[Start of section]

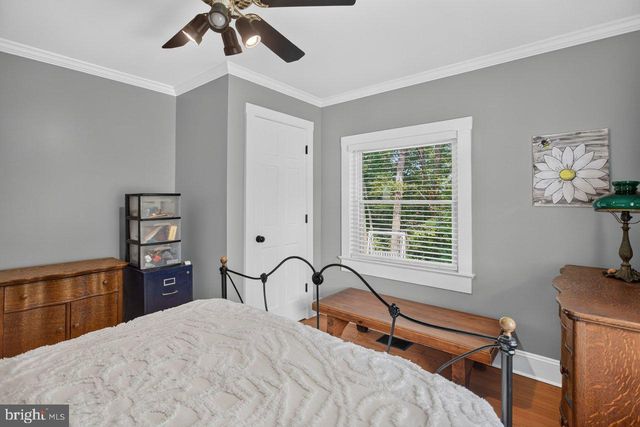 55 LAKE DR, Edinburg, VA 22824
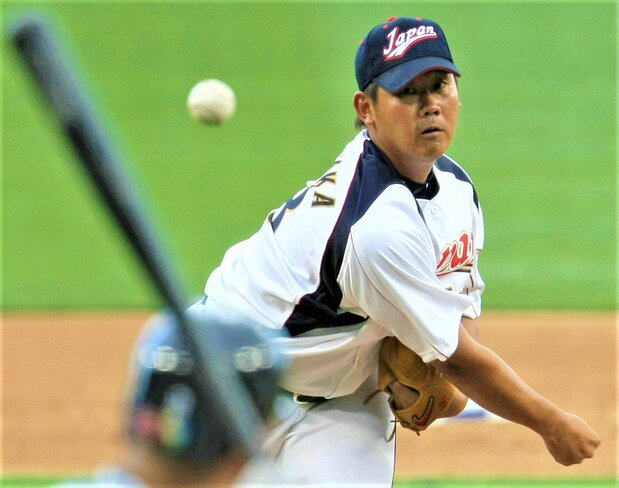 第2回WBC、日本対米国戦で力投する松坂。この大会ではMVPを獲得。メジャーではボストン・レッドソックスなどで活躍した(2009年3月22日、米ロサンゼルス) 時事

[End of section]
[Start of section]

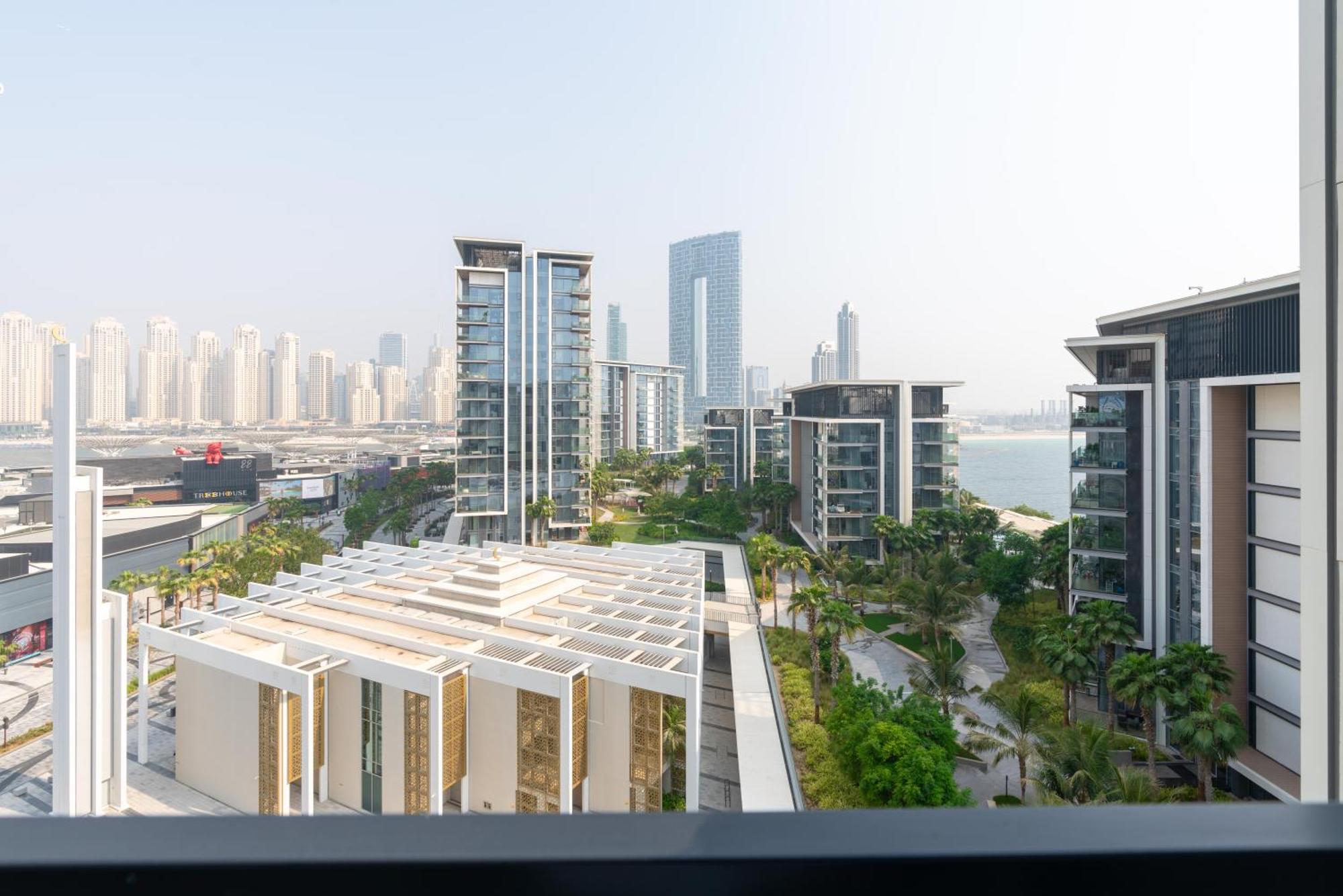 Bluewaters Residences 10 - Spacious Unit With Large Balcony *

[End of section]
[Start of section]

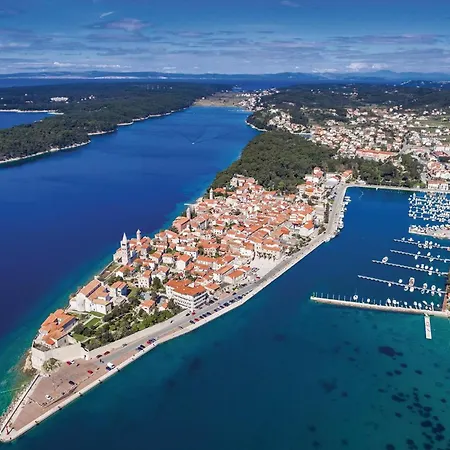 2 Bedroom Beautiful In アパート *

[End of section]

**Work task:**
After locating the line containing "55 LAKE DR, Edinburg, VA 22824" in the entries above, return it and every line after it exactly, ending at the line containing "第2回WBC、日本対米国戦で", without pictures.

**Response area:**
 55 LAKE DR, Edinburg, VA 22824
 第2回WBC、日本対米国戦で力投する松坂。この大会ではMVPを獲得。メジャーではボストン・レッドソックスなどで活躍した(2009年3月22日、米ロサンゼルス) 時事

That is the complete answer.